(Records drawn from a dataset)

>>>

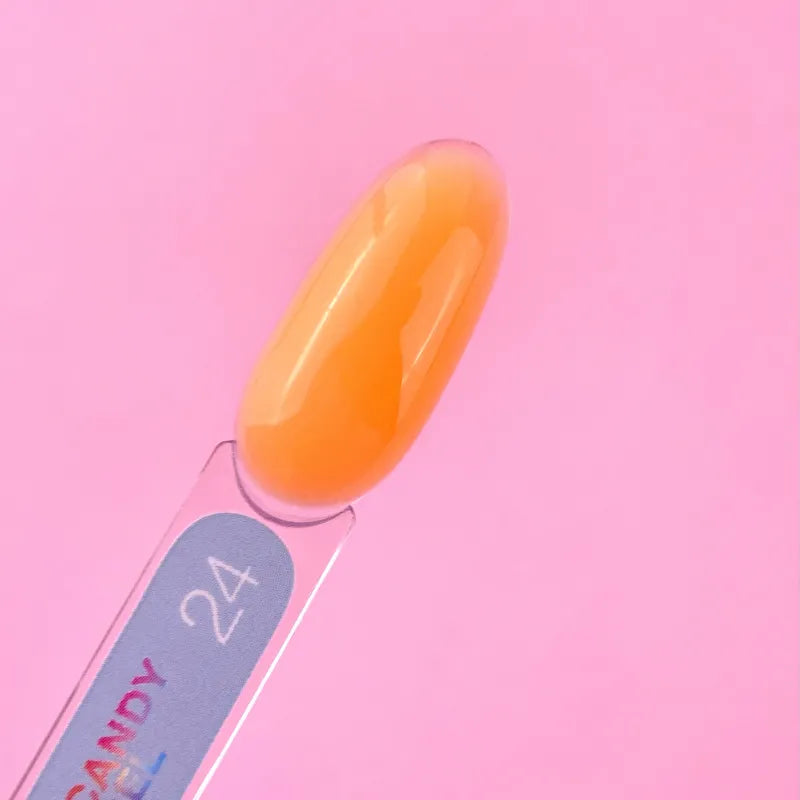 Candy Gel Nº 24 LUNAmoon 15 ml – vista 2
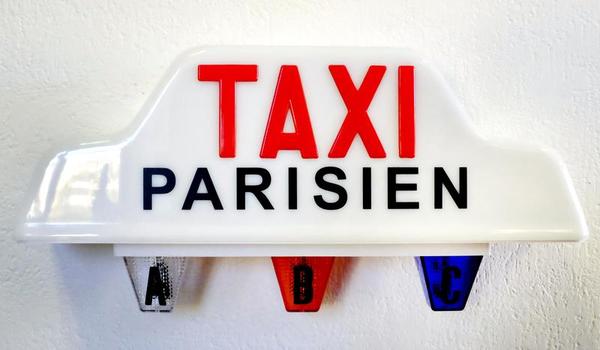 The Sharing Economy Conquers France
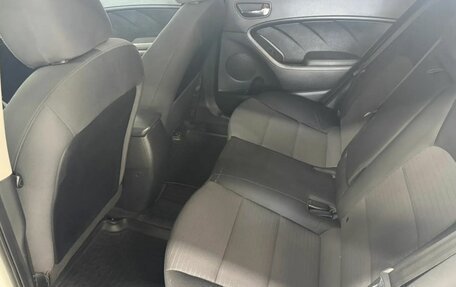 KIA Forte II, 2017 год, 1 205 000 рублей, 14 фотография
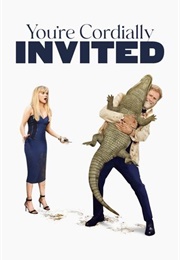 You're Cordially Invited (2025)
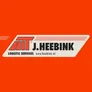 Logo J. Heebink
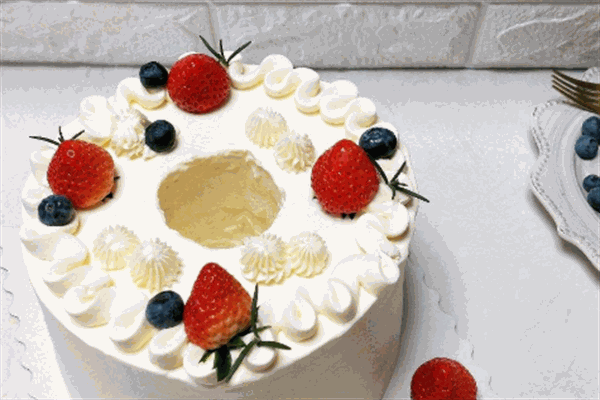 Cakeboss凯柏思蛋糕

<<<

Without any pictures, reproduce exactly the lines from the line that contains "You're Cordially Invited (2025)" to the end of the entries above, both ends included.

§ **SOLVED EXERCISE**
 You're Cordially Invited (2025)
 Logo J. Heebink
 Cakeboss凯柏思蛋糕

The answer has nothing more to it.